I need to extract data from an external REST API inside an Airflow DAG. The API is protected so I need to first authenticate/login to the API as a user, and then extract data by passing an access_token
in the API call. Need some help in implementing this functionality. If anyone has ever done anything similar or some example would really help. Thanks
CodePudding user response:
- Create http connection (in the UI under admin->connections)
- In your DAG you should create 2 SimpleHttpOperator. The first task will login and read the access-token, the second one would send a request to get the data and in the header you should put the access-token from the login task.
Here an example of login and data tasks assuming the login is basic_auth and the access-token is bearer auth
userAndPass = b64encode(b"user:password").decode("ascii")
headers = {'Authorization': 'Basic %s' % userAndPass}
login = SimpleHttpOperator(
task_id="login",
http_conn_id="conn_id",
endpoint="/login",
method="POST",
headers=headers,
response_check=lambda response: response.json()["access_token"])
get_data = SimpleHttpOperator(
task_id="get_data",
http_conn_id="conn_id",
endpoint="/data",
method="POST",
headers={"Authorization": "Bearer {{ ti.xcom_pull(task_ids='login', key='return_value') }}",
"Accept": "application/json"},
response_check=lambda response: response.json())
(login >> get_data)
CodePudding user response:
It will be better that you do it in python code as far as calling the rest api. This python code can take argument such as a filename with timestamp and then dump the data to that file. So this can be tested independently outside of airflow. It would be testing just a regular python code.
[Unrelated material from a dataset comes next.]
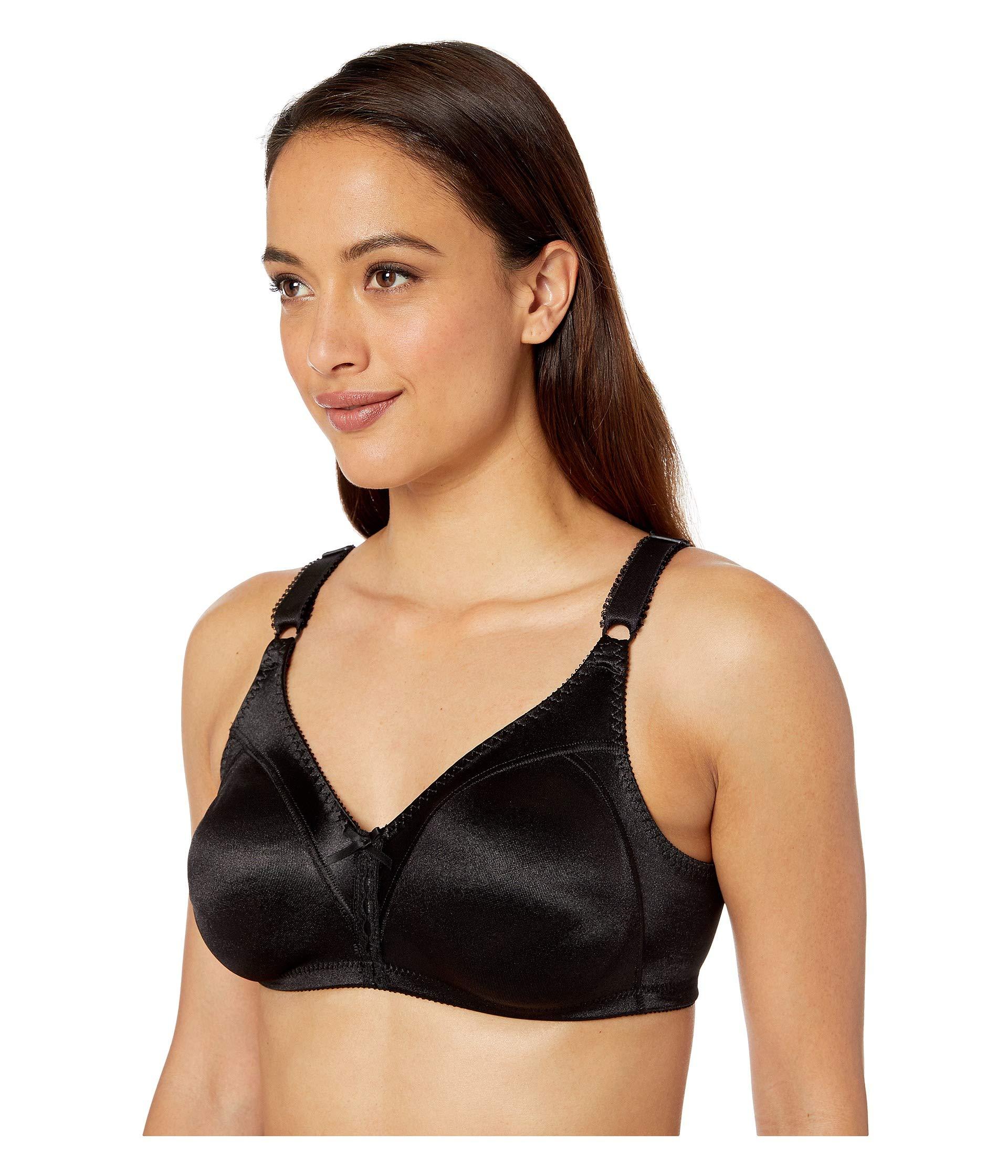 Bali Satin Double Support Cool Comfort Wirefree Bra in Black Lyst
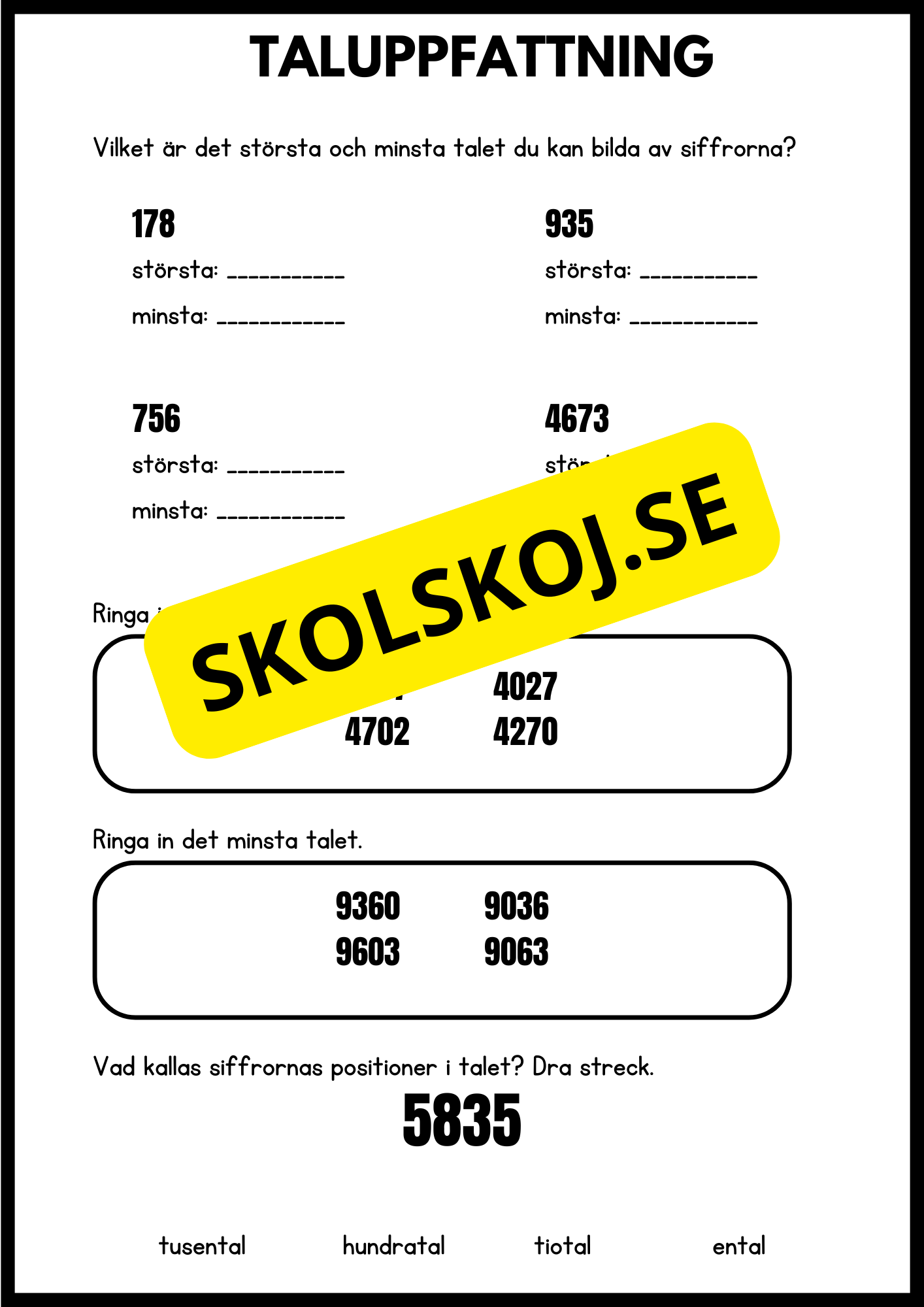 Positionssystemet - Taluppfattning - Årskurs 4 - 6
Then call this python code/file with a BashOperator
. In DAG, it will look something like this. Note, filename is hard-coded but that can be replaced with Jinja templates
that can return a filename with timestamp.
task1 = BashOperator(task_id='get_data',
bash_command="python ~/airflow/dags/src/rest_api_call.py data_20220701_010101.txt")
task2 = PythonOperator(
task_id='load_data',
provide_context=True,
python_callable=load_data_fn,
op_kwargs={ 'filename': 'data_20220701_010101.txt'},
dag=dag)
...
def load_data_fn(**kwargs):
print(kwargs.get("filename"))
...